Mari kita bedah tiga potret nyata bagaimana kiai kita kadang “menyerah tanpa syarat” kepada orang awam.

1. Bayi “Alex” dan Kreativitas yang Dipaksakan

Suatu hari, seseorang datang kepada kiai, meminta nama untuk bayinya. Tapi alih-alih pasrah pada pilihan kiai yang biasanya penuh makna islami, orang tua itu malah mendikte: “Berilah nama yang panggilannya Alex, tapi yang ada Arab-arabnya.”
Karena sungkan dan takut jamaahnya pindah ke lain imam, akhirnya kiai memutar otak keras-keras, sampai ketemulah nama: “Alaikas Salam”. Secara bahasa memang Arab, tapi secara sunnah, agak jauh lompatannya. Inilah bentuk “kekalahan” pertama; ajaran agama ditekuk sedemikian rupa demi memuaskan selera pasar.
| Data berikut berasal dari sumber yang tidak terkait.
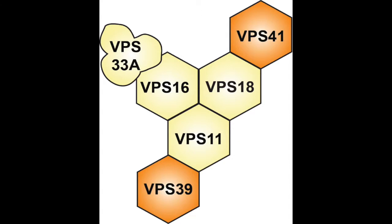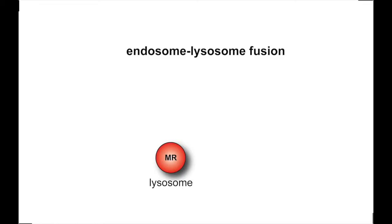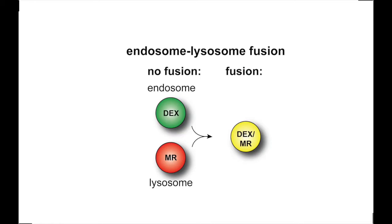For our study we needed a way to quantify how different HOPS subunits affect endosome-lysosome fusion. We made use of an assay in which cultured HeLa cells endocytose a green fluorescent dextran, and we stained lysosomes with MAGIC-RED, as you can see in this image. The MAGIC-RED is a membrane-permeable substrate for the acid hydrolase cathepsin B, and it is non-fluorescent until cleaved by cathepsin B in active lysosomes, upon which it emits Cresyl Violet fluorescence. The colocalization of green fluorescent dextran and MAGIC-RED fluorescence is then quantified in confocal images taken by live cell microscopy, serving as a measure of endosome-lysosome fusion.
2. Tarawih “Kilat” Demi Rating Jamaah

Masuk ke bulan Ramadan, godaan ini makin kuat. Awalnya, kiai ingin menegakkan salat tarawih dengan thumaninah, tenang, dan khusyuk. Namun, baru dua rakaat, jamaah sudah kasak-kusuk. Bahasa isyarat mereka jelas: “Kalau lambat begini, besok kita pindah ke musholla sebelah yang lebih ngebut!”
Khawatir masjidnya sepi, kiai pun mengubah pola tarawihnya, dari pola serius menjadi pola “mainan”. Mengapa? Lagi, karena takut ditinggalkan. Kualitas ibadah dikorbankan demi menjaga kuantitas follower.
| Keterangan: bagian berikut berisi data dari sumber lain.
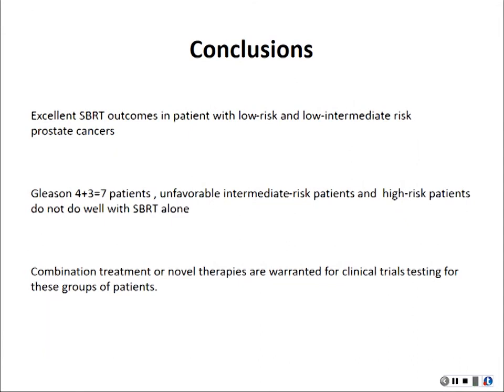For Gleason 3+4 and 4+3, you have to think twice before offering stereotactic. In the future we may be able to combine SBRT with hormones or other agents for these patients, but at this moment we don't recommend giving SBRT alone to this group of patients.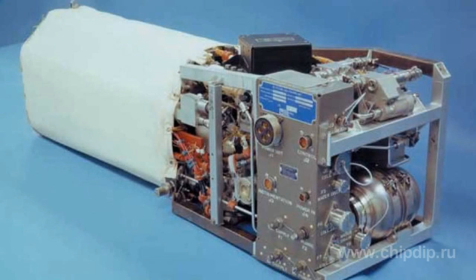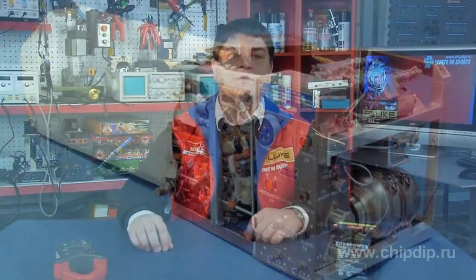Alkaline fuel cells offer a number of advantages, such as simple design, relatively low price, and a high performance factor. However, they have large dimensions. Besides, they require pure oxygen and hydrogen for operation.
3. Karnaval vs Esensi Pendidikan

Fenomena ketiga muncul saat musim kelulusan atau imtihan. Kiai yang paham betul bahwa karnaval itu lebih banyak mudaratnya -mulai dari biaya tinggi, mengganggu jalan, tidak salat, hingga ikhtilat- mencoba melarangnya.
Eh, wali murid langsung pasang gertakan: “Kalau tidak ada karnaval, anak saya pindah sekolah saja tahun depan!” Hasilnya? Larangan dicabut, karnaval jalan terus. Kiai terpaksa melegitimatasi hal yang ia tahu kurang baik, hanya agar jumlah murid di lembaganya tidak merosot.
Menjaga Agama dan Harga Diri
Inilah potret pilu ketika “kursi” kepengikutan lebih dicintai daripada kebenaran. Padahal, tugas seorang alim bukan untuk menyenangkan semua orang, melainkan untuk membimbing orang menuju kebenaran.

Seorang kiai harus punya keberanian untuk berkata: “Yang benar adalah benar,” lalu mengamalkannya dan mengajak masyarakat mengikutinya, apapun risikonya. Begitu pula dengan yang salah, harus dikatakan salah dan ditinggalkan tanpa kompromi.

Jika pada akhirnya masyarakat meninggalkan sang kiai karena ketegasannya, maka itu jauh lebih terhormat. Kehilangan pengikut jauh lebih baik daripada kehilangan integritas. Lebih baik berdiri sendirian di atas kebenaran, daripada dikerumuni ribuan orang di jurang kebatilan. Sebab pada akhirnya, yang kita cari adalah rida Ilahi, bukan riuh rendah tepuk tangan manusia.